Des aliens reptiliens, une conspiration de fin du monde, des post-ados défoncés et en quête de sens…Pas de doute, on est bien dans un Gregg Araki. Avec Now Apocalypse, sa première série co-écrite avec Karley Sciortino, le réalisateur semble faire l’ultime synthèse de ses obsessions. Toujours irrévérencieux, mais naviguant vers une douceur nouvelle, il nous a parlé millenials surexcités. 

Vous avez peur de la fin du monde ou vous l’attendez ?
Chaque génération a eu sa propre angoisse de la fin du monde.  En ce moment, en particulier aux États-Unis, ce sentiment est plus répandu que jamais. Les gens ressentent une anxiété, une perte de contrôle ; on ne sait pas de quoi demain sera fait : c’est un peu ça aussi, l’apocalypse. On voulait que cet aspect soit présent dans la série, bien qu’elle reste assez fun, très « sex, drugs, and rock’n’roll ».

—> A lire aussi: Notre interview de Karley Sciortino

Les ados de votre Teen Apocalypse Trilogy (Totally F***Up, The Doom Generation et Nowhere) étaient assez tourmentés. Dans Now Apocalypse, on a l’impression que les  personnages sont réconciliés avec leur identité. À quoi doit-on cette évolution ?
Tous mes films sont des reflets de la personne que j’étais quand je les ai faits, un instantané de ce que je ressentais à ce moment-là. Doom Generation est un film très agressif, mes personnages étaient plus confus qu’aujourd’hui, parce que je l’étais moi-même à l’époque. J’étais assez sombre, mais plus je vieillis, mieux je me sens dans ma peau. Mais il reste encore cette attitude « break the rules ». C’est intrinsèque à ma personnalité.

Now Apocalypse,
Copyright Starz

Vous avez réalisé un pilote de série pour MTV dans les années 2000, ainsi que des épisodes de 13 Reasons Why de Riverdale. On a l’impression que vous avez toujours été attiré par le format sériel.
Cela fait au moins 20 ans que je veux faire une série comme Now Apocalypse. J’ai travaillé sur ce pilote en 1999-2000 mais, au départ, j’ai conçu Nowhere comme une série, en m’inspirant de Twin Peaks, qui a su créer quelque chose d’étrange et de visionnaire, complètement en dehors des normes de la série télévisée à l’époque. Réaliser des épisodes de 13 Reasons WhyRiverdaleRed Oaks et American Crimes m’a permis d’apprendre un peu à gérer la chose. En observant les showrunners, je me suis dit : « C’est un métier tellement difficile que la seule façon pour que ça en vaille la peine, ce serait de faire la série de mes rêves, l’‘ultimate Gregg Araki show. » Now Apocalypse, c’est un condensé de tout ce que j’ai toujours voulu mettre dans mes films.
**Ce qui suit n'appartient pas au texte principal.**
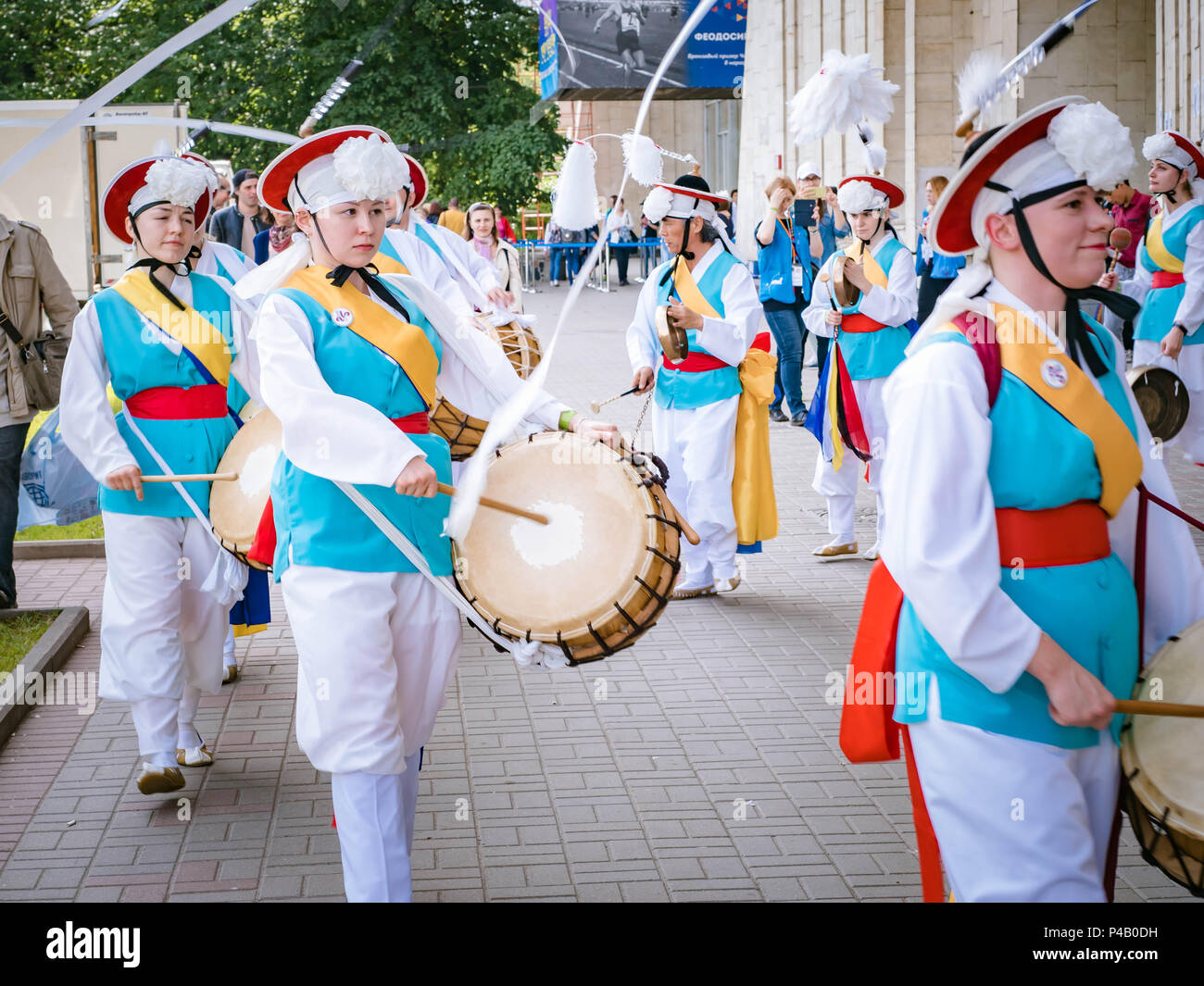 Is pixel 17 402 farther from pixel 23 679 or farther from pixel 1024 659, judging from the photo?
pixel 1024 659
 Le format sériel était-il plus approprié pour toucher les ados?
Le monde du cinéma traverse une période de transition, les films atteignent difficilement le public qu’ils visent. L’une des raisons pour lesquelles je voulais travailler à la télévision c’est que c’est un média si démocratique qu’il permet d’être partout et de s’adresser au monde entier. Il s’agit aussi d’avoir accès à ceux qui ne sont pas familiers du cinéma indépendant, parmi lesquels les ados. 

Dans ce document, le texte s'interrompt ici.